- [DATASET EXCERPT]
****************
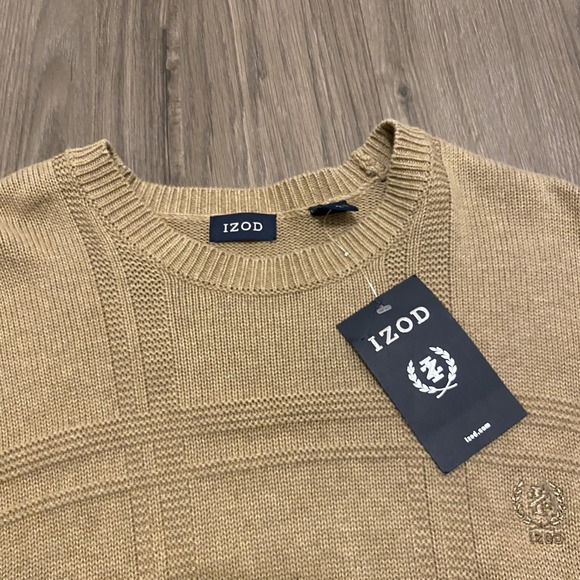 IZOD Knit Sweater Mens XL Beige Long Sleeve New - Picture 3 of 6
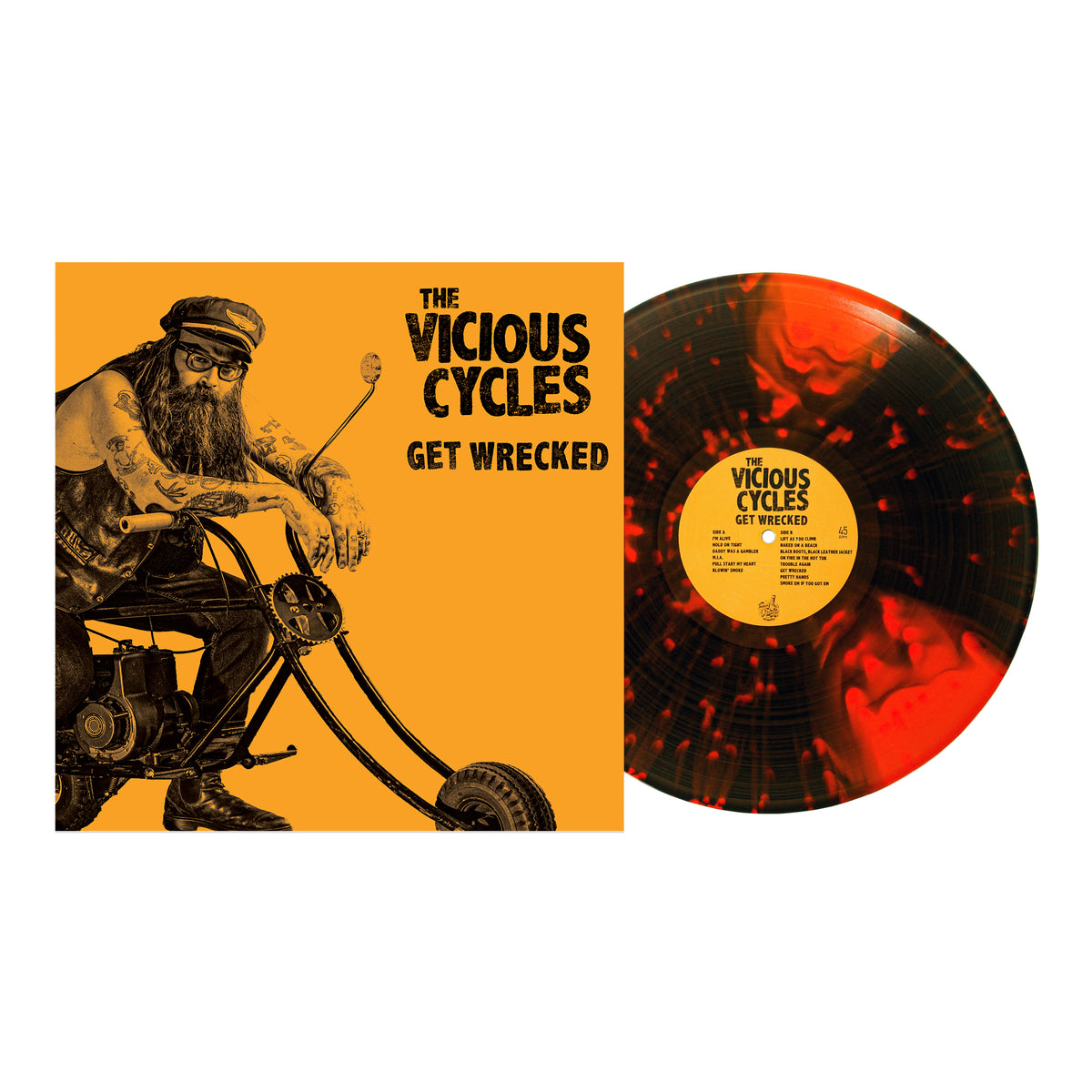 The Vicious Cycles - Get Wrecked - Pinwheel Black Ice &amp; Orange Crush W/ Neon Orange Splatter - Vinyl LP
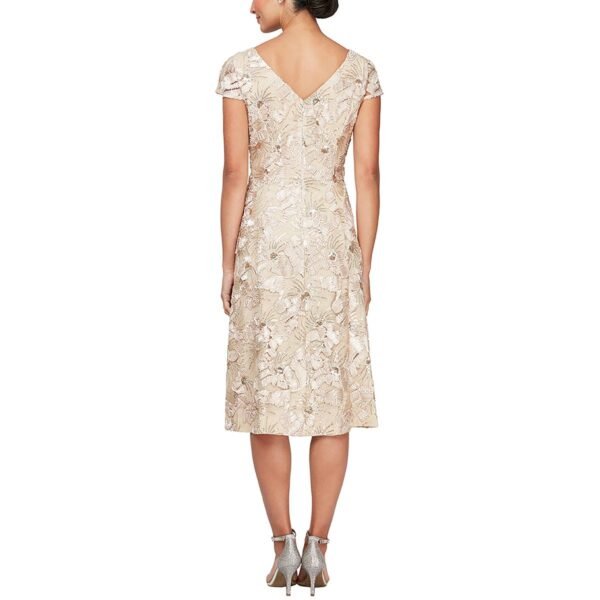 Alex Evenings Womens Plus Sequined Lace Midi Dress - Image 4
****************
- [WHAT YOU ARE ASKED TO DO] Reproduce the whole listing above word for word, dropping each image.

- [RESULT]
 IZOD Knit Sweater Mens XL Beige Long Sleeve New - Picture 3 of 6
 The Vicious Cycles - Get Wrecked - Pinwheel Black Ice &amp; Orange Crush W/ Neon Orange Splatter - Vinyl LP
 Alex Evenings Womens Plus Sequined Lace Midi Dress - Image 4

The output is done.